A tree is a higher hierarchy under the organizational structure. A tree can contain several blobs or other trees. Trees are identified by hashing the tree content as well.

Commit

A commit is the current state of a tree, which can be viewed as a snapshot of the content of the working tree. A commit will store the files existing in a directory at that time along with its content. Asides from other data structures, a commit in Git will store transactional metadata such as the hash of the working tree, author, timestamp and message. Once a commit is created, a hash will also be created to identify these objects from other commits.

One of the most important features of this type of structure is that when a blob inside a committed tree undergoes a change in its content, a new commit will be created. Instead of storing the entirety of the data structures again, the commit will only store the content of the file that was modified, referencing the hash of blobs and trees objects that didn’t undergo any changes.
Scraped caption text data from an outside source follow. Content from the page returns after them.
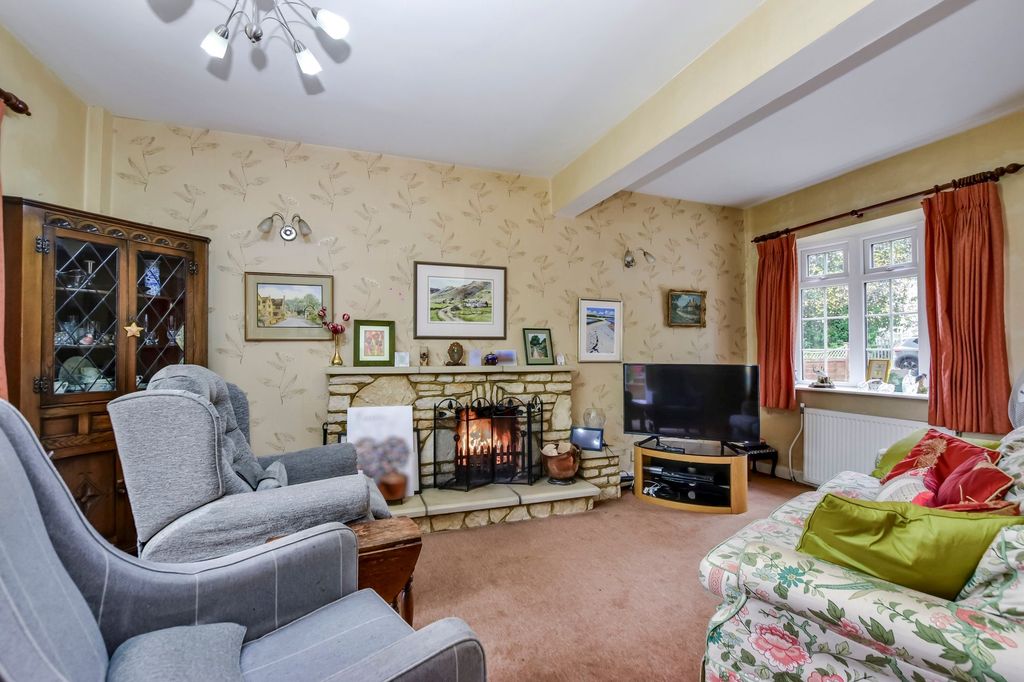 Property photo 2 of 28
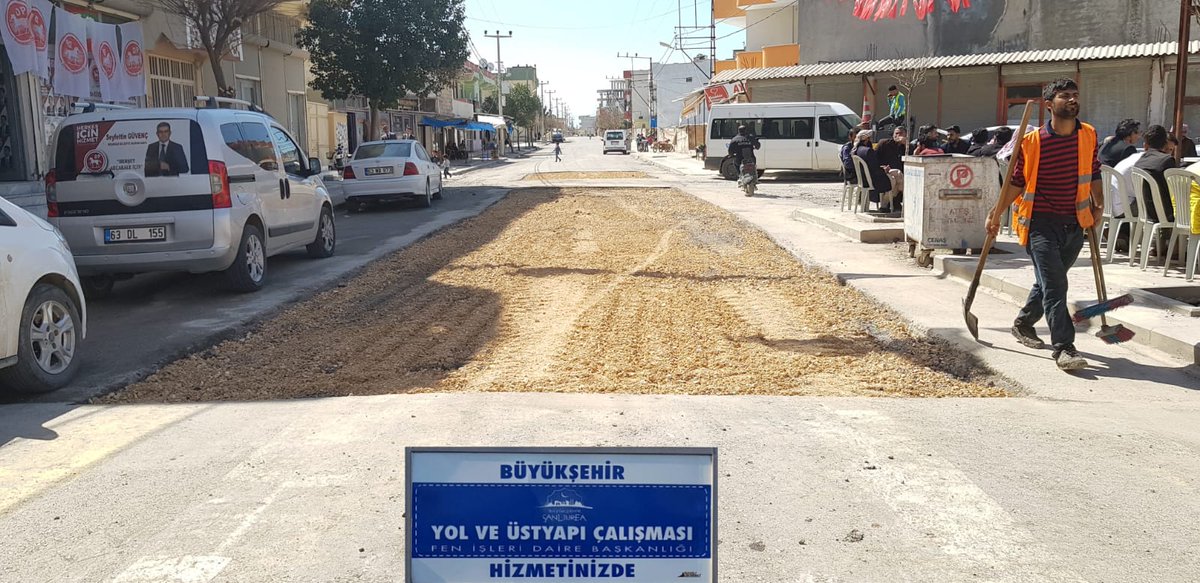 bsbakcakale's tweet photo. Büyükşehir Akçakale  Merkez mahallesi Ceylanpınar Caddesinde Fen İşleri Dairesi Başkanlığı ekipleri Yol bakım ve onarım çalışması devam ediyor.@nihatcftc https://t.co/msz4ZP9M9g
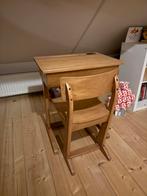 Twee vintage houten schoolbankjes met twee stoelen, Huis en Inrichting, Ophalen, Gebruikt, Bureau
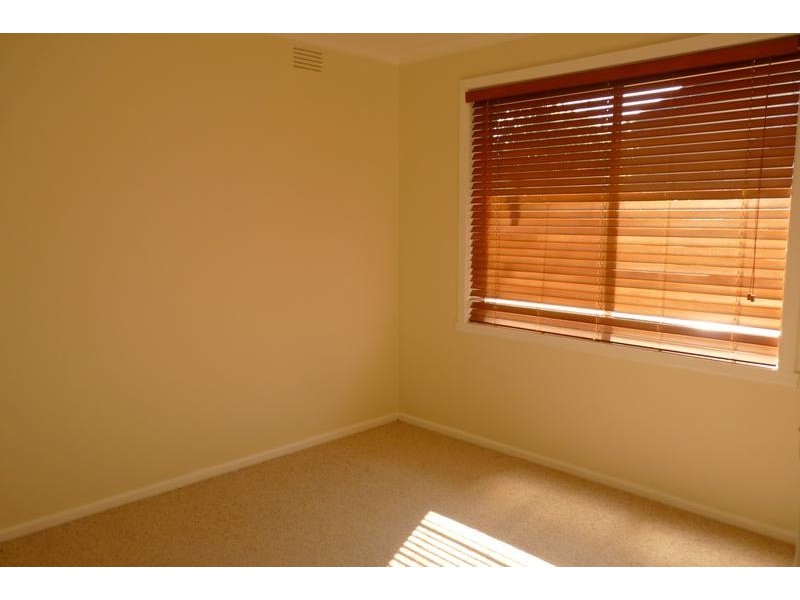 2/22 Windsor Avenue, Strathmore VIC 3041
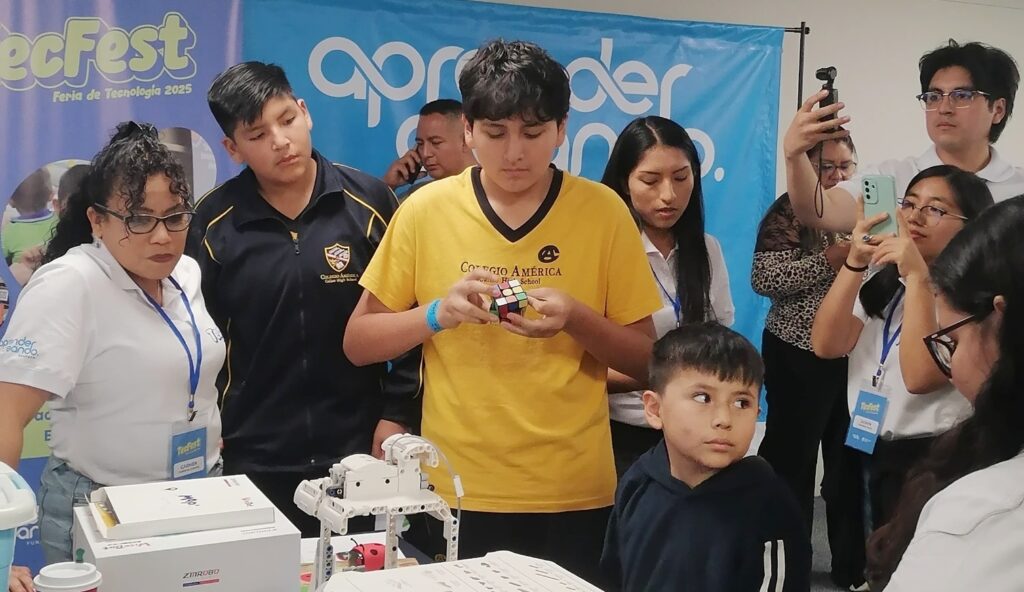 Delegación de Estudiantes destacan en el evento de Robótica Tec Fest 2025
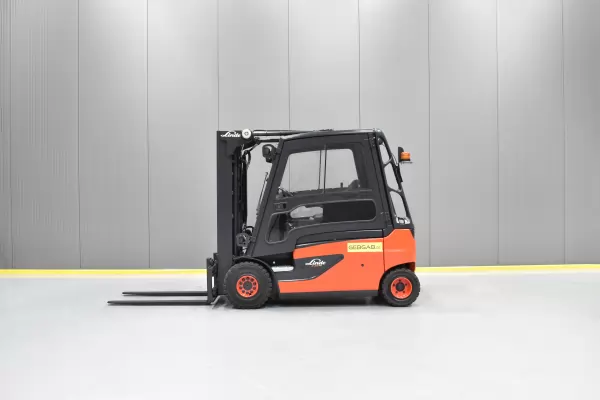 LINDE E 25 L - 01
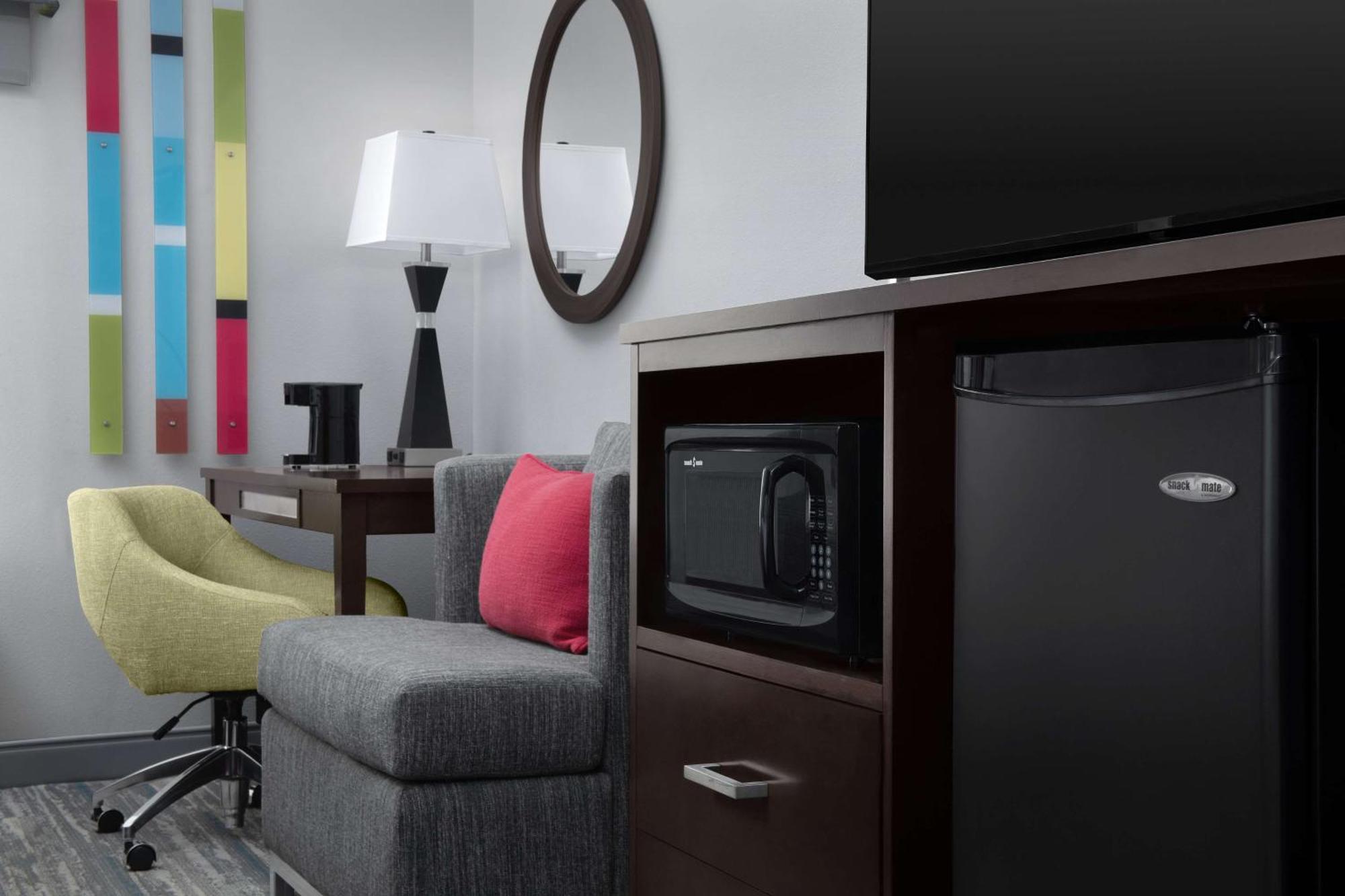 Hampton Inn Стейтсбъро Екстериор снимка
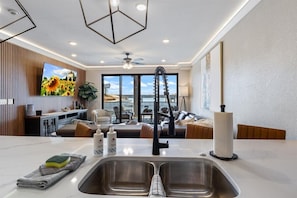 Condo, Multiple Beds, Patio (Luxury Lakeview Oasis) | Interior
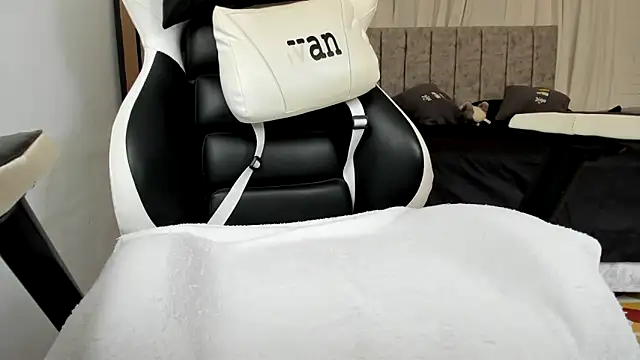 Valerioe online show from September 18, 2025, 1:47 pm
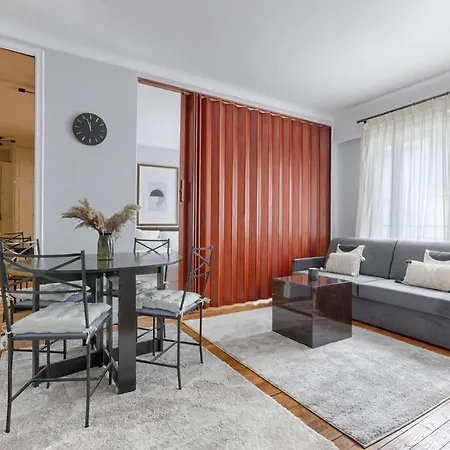 Matignon Saint-honore : Magnifique 1br * Paris
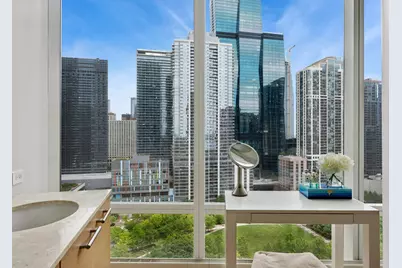 340 E Randolph Street #1701, Chicago, IL 60601 - Photo 29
When this process is replicated in a blockchain, the conceptual optimization process of Merkle trees gains importance as a widely-used method that enhances the efficiency of network operations.

For Tezos, applying the Merkle tree structure brings advantages by optimizing network transfer latency, lowering storage requirements and by sharing only the small shard of data required by nodes to bake transactions. In this case, the block transactions will play the role of the leaf nodes.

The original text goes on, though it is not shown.